#### Entries shown

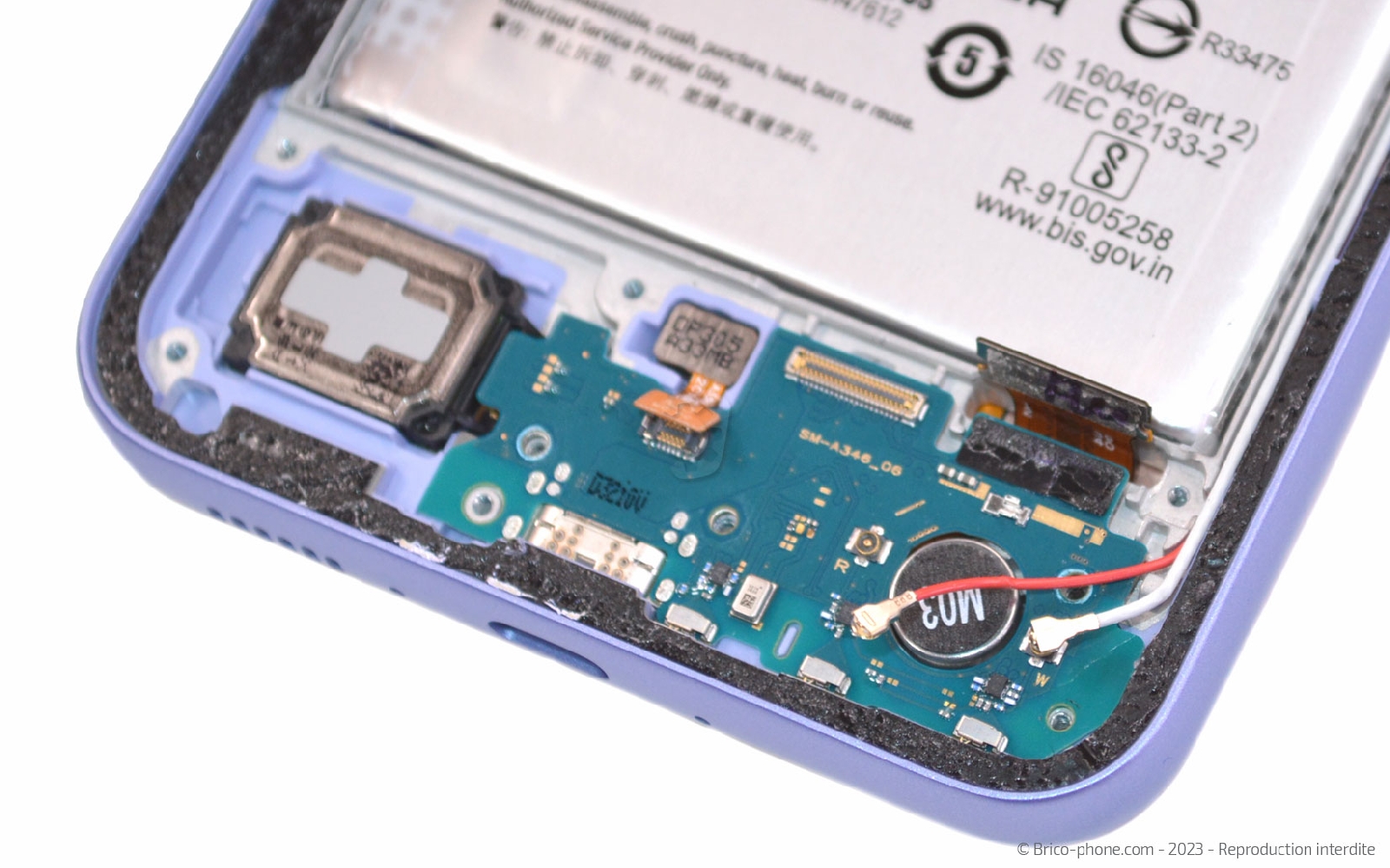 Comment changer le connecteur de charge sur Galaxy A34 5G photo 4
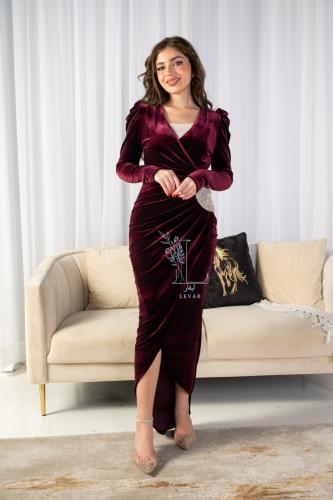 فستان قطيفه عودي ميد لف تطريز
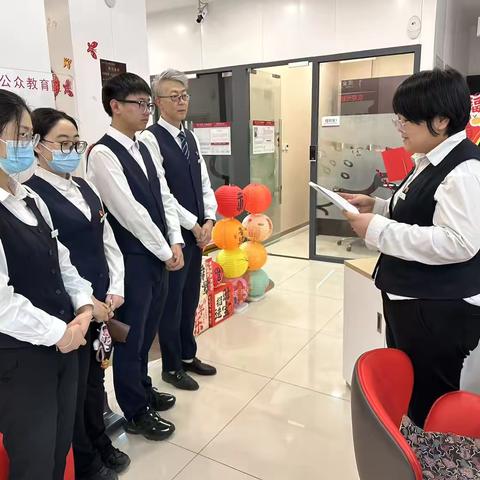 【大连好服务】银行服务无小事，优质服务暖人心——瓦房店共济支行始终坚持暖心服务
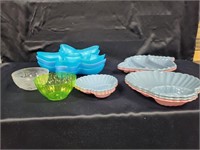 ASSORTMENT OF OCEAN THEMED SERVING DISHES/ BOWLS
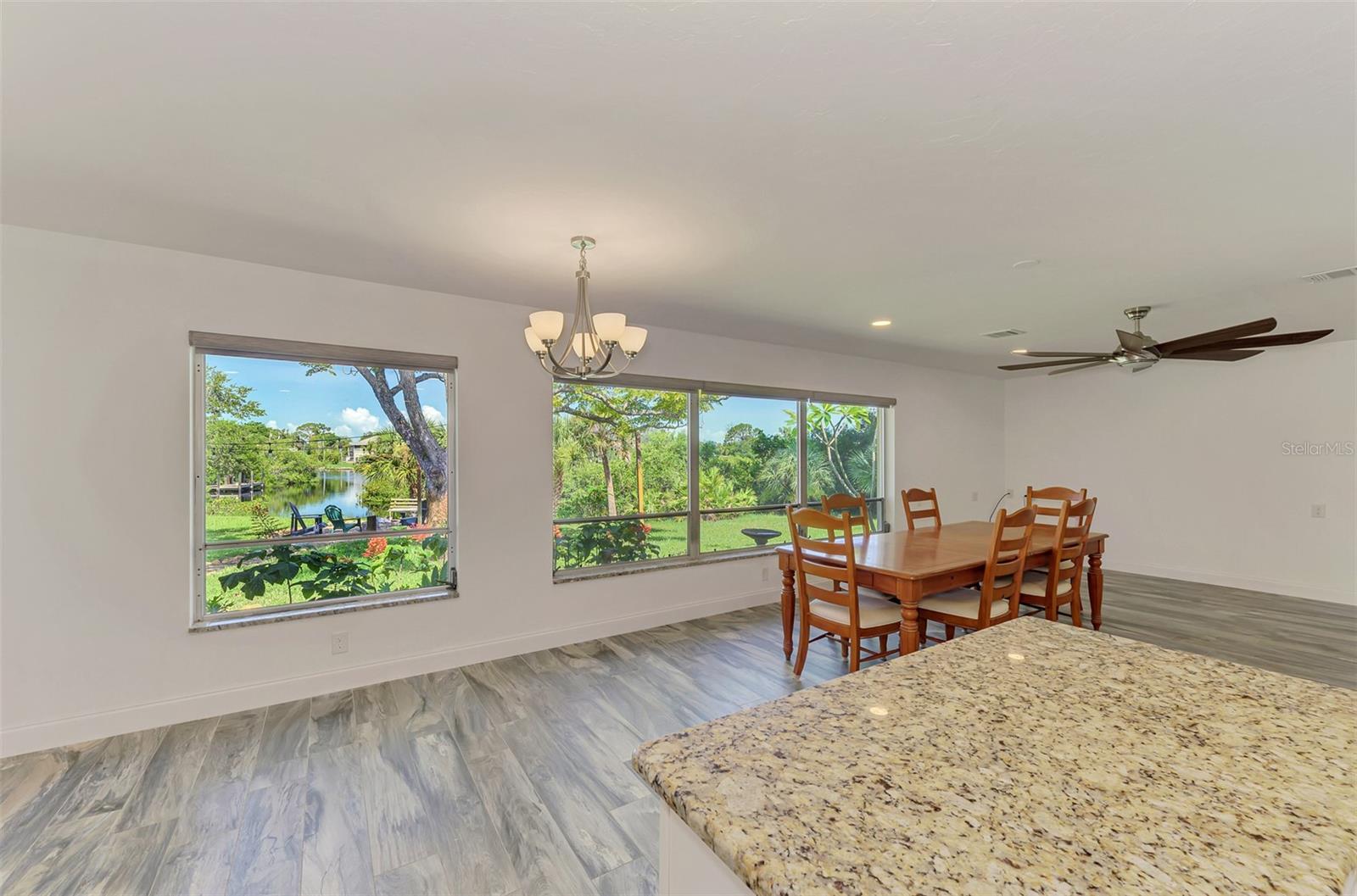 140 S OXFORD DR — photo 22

########

Activity -> Without changing a word, transcribe all of the data and omit its images.

Answer to the problem ->
 Comment changer le connecteur de charge sur Galaxy A34 5G photo 4
 فستان قطيفه عودي ميد لف تطريز
 【大连好服务】银行服务无小事，优质服务暖人心——瓦房店共济支行始终坚持暖心服务
 ASSORTMENT OF OCEAN THEMED SERVING DISHES/ BOWLS
 140 S OXFORD DR — photo 22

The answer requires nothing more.